Our new paper “Fused Layer CNN Accelerators” by Manoj Alwani, Han Chen, Michael Ferdman, and Peter Milder has been accepted to appear at MICRO 2016.
A preprint is available here.
In this work, we observe that a previously unexplored dimension exists in the design space of CNN accelerators that focuses on the dataflow across convolutional layers. We find that we are able to fuse the processing of multiple CNN layers by modifying the order in which the input data are brought on chip, enabling caching of intermediate data between the evaluation of adjacent CNN layers. We demonstrate the effectiveness of our approach by constructing a fused-layer CNN accelerator for the first five convolutional layers of the VGGNet-E network, and find that, by using 362KB of on-chip storage, our fused-layer accelerator minimizes off-chip feature map data transfer, reducing the total transfer by 95%, from 77MB down to 3.6MB per image.
Our recent paper on CNN accelerator hardware: “Overcoming Resource Underutilization in Spatial CNN Accelerators” has been accepted to appear at the International Conference on Field-Programmable Logic and Applications (FPL) 2016. This paper was co-written with Yongming Shen and Michael Ferdman. A pre-print is available here.
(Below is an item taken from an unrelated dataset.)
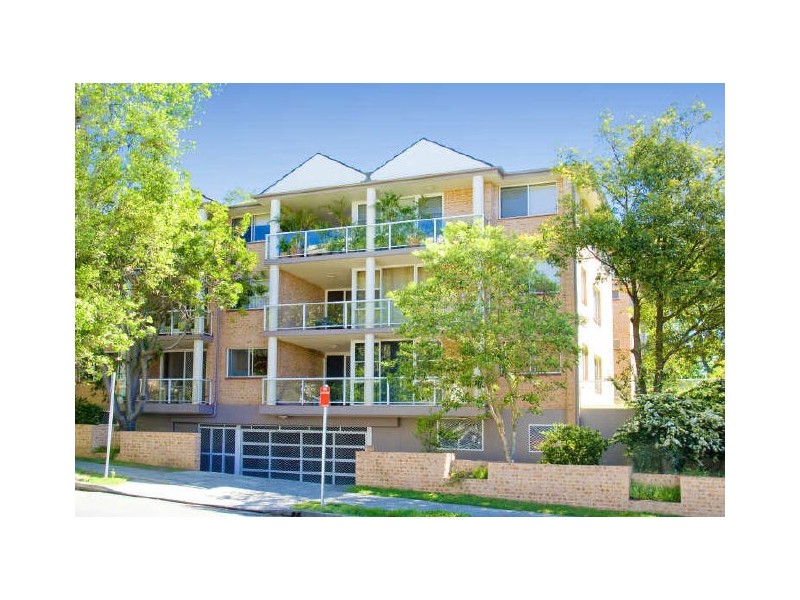 2/23-25 Penkivil Street, Bondi NSW 2026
A new overview paper that I co-authored with with Marcela Zuluaga and Markus Püschel of ETH Zurich has been published in ACM Transactions on Design Automation of Electronics Systems (TODAES). In this paper, we present new hardware structures for sorting that we call streaming sorting networks, which we derive through a mathematical formalism that we introduce, and an accompanying domain-specific hardware generator that translates our formal mathematical description into synthesizable RTL Verilog.
You can read the paper here, and see also our online sorting network generator, which allows you to use the tool described in this paper in your web browser.
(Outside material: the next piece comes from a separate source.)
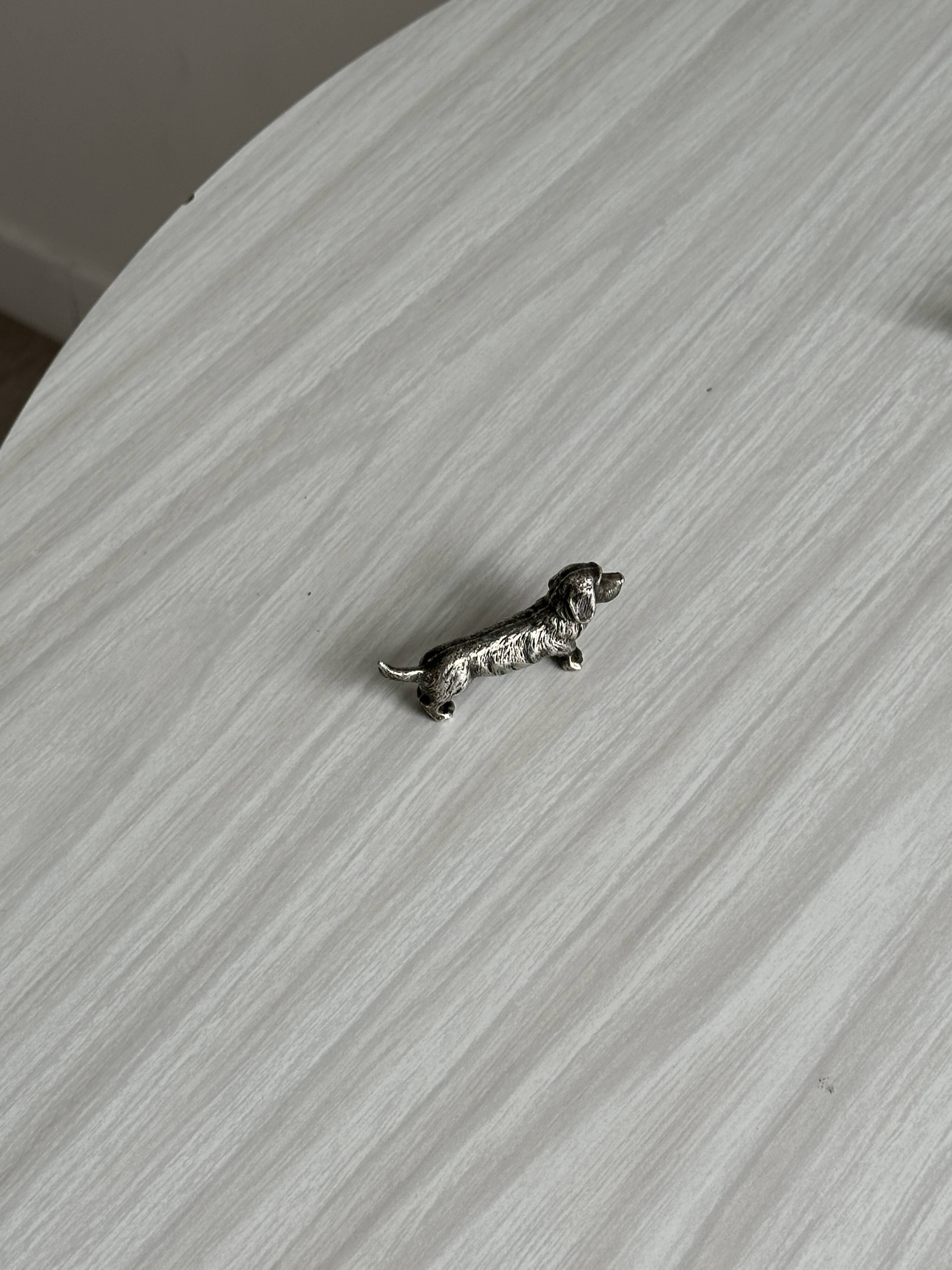 6 metal knife holders in the shape of small dogs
As a preview, the following graph shows the cost of implementing various sorters with 16-bit fixed point input values that fit on a Xilinx Virtex-6 FPGA. The x-axis indicates the input size n, the y-axis indicates the number of FPGA con- figurable slices used, and the size of the marker quantifies the number of BRAMs used (BRAMs are blocks of on-chip memory available in FPGAs). The implementations using Batcher’s and Stone’s architectures can only sort up to 128 or 256 elements, respectively, on this FPGA. Conversely, our streaming sorting networks with streaming width w = 2 can sort up to 219 elements on this FPGA, and our smallest fully streaming design can sort up to 216 elements.
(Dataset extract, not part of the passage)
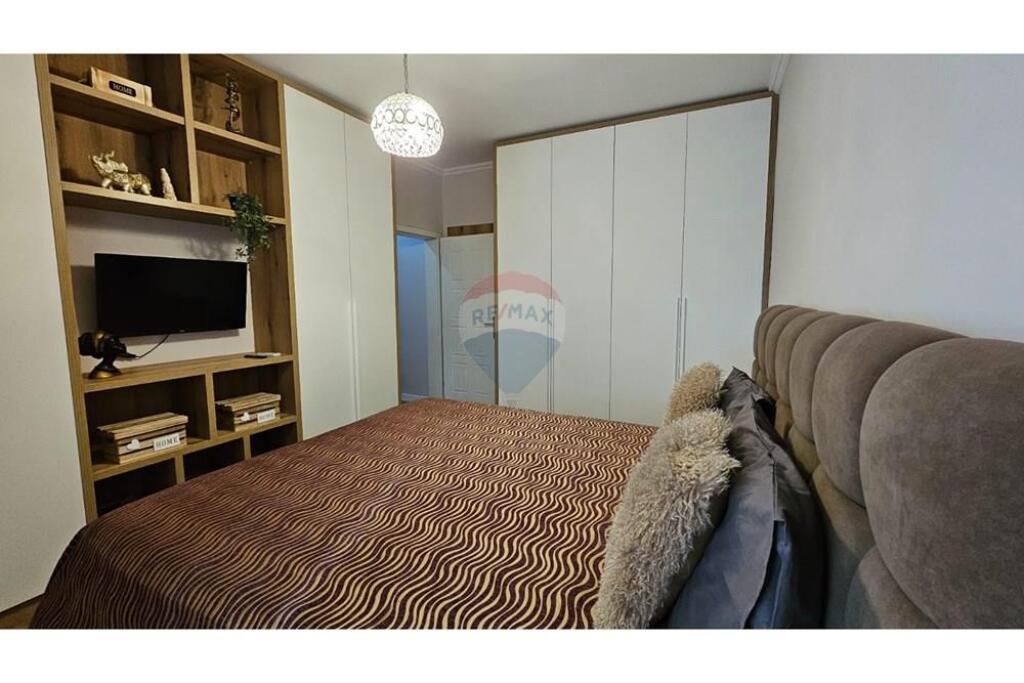 Jepet me qira apartament 2+1+ post parkimi tek rruga e bogdaneve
The following graph shows all 256-element sorting networks that we generate with our framework (using 16-bits per element) that fit onto the Virtex-6 FPGA. The x-axis indicates the number of configurable FPGA slices used, the y-axis indicates the maximum achievable throughput in giga samples per second, and the size of the marker indicates the number of BRAMs used. This plot shows that we can generate a wide range of design trade-offs that outperform previous implementations, such as that of Stone and the linear sorter (Batcher’s is omitted due to the high cost). For practical applications, only the Pareto-optimal ones (those toward the top left) would be considered.